Not surprised because auctioneer Johnny Regula always pushes, prods, pleads with the crowd to bump that bid another thousand dollars.


“He wanted a hundred (thousand),” Davison said Thursday.


The buyer of Davison’s 1,339-pound straw-hide Charolais steer named Butters was Steve Rauch, an excavating and demolition contractor from Dayton. Davison recognized him as a generous supporter of top beef shows including “best” shows.


In “best” shows, which are held around the state, competitors score points at each show. Points are tabulated at the end of the circuit. In that competition, Butters won Champion All Other Breeds (AOB) and another animal of Davison’s took Reserve Crossbred steer.


Davison acquired Butters at age six months from a breeder in Illinois in October of 2013. He said his dad did not disclose the purchase price to him. The object was to acquire a steer with a good bloodline.

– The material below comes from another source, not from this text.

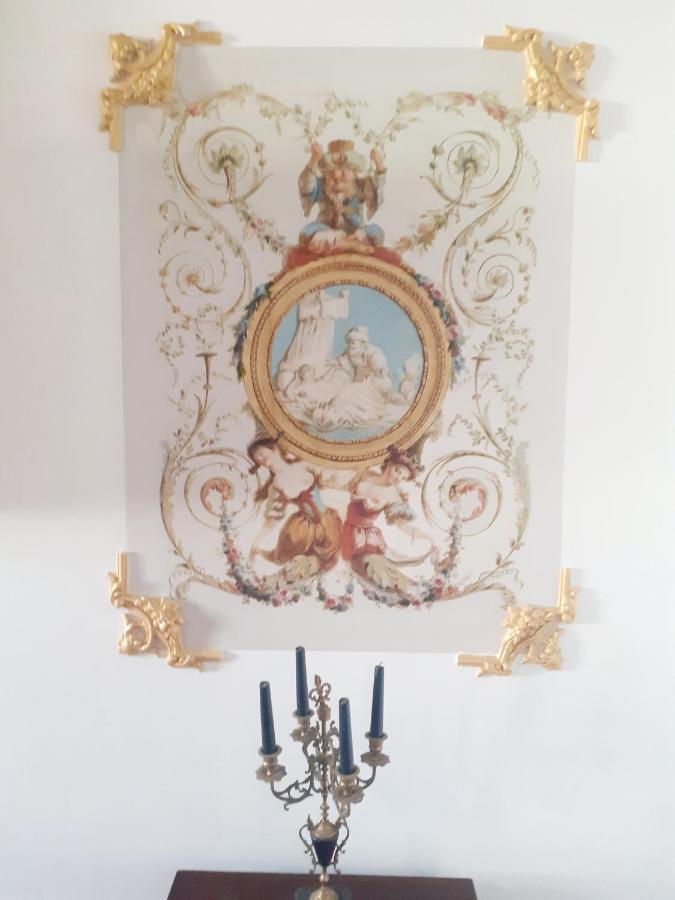 Maison D'Orion La Réole Buitenkant foto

From that point on the care and feeding of Butters becomes a daily routine. His food is measured and is given daily along with a portion of hay. Butters also had access to a lick tub as a mineral supplement.


“It tastes sweet to them and they like it,” Davison explained.


From October through April, Davison bathed Butters daily.


“It stimulates hair growth,” he said.


From April through August, Davison rinsed Butters twice a day. He wanted to show off the animal’s unusual straw color. It added up to six-to-eight-hour days and “a lot of work,” Davison said.


However, Butters was easy to work with, Davison said, calling him a nicely tempered animal that wouldn’t “hurt a fly” and thrived on the attention lavished on him.


Exercise is not a huge priority, but to stimulate some walking, Davison would place the hay bunk at the farthest end of the corral.


In his four years of showing at the state fair, this is by far his best showing. His best showing prior to this year’s state fair was a champion in division three with a crossbreed in 2012.


He earned $21,000 from the sale. The remainder of the sale price is funneled into a scholarship fund, as well as other 4-H and show projects. With several scholarships through FFA, the farm bureau and the Katy Fisher scholarship at Madison-Plains, Davison has accumulated a nice “nest egg” to apply to his college tuition, according to his mother, Amber.


Davison said he will start later this month at the Ohio State Agricultural Technical Institute in Wooster and study agronomy. He will spend two years there and then move to the Columbus campus.


Butters has met the fate of all champion market animals. Davison viewed his carcass on Wednesday. Judges were impressed with his muscle to fat ratio.


Davison is hoping for an invitation from Rauch to enjoy the fruits of his labors at the dinner table.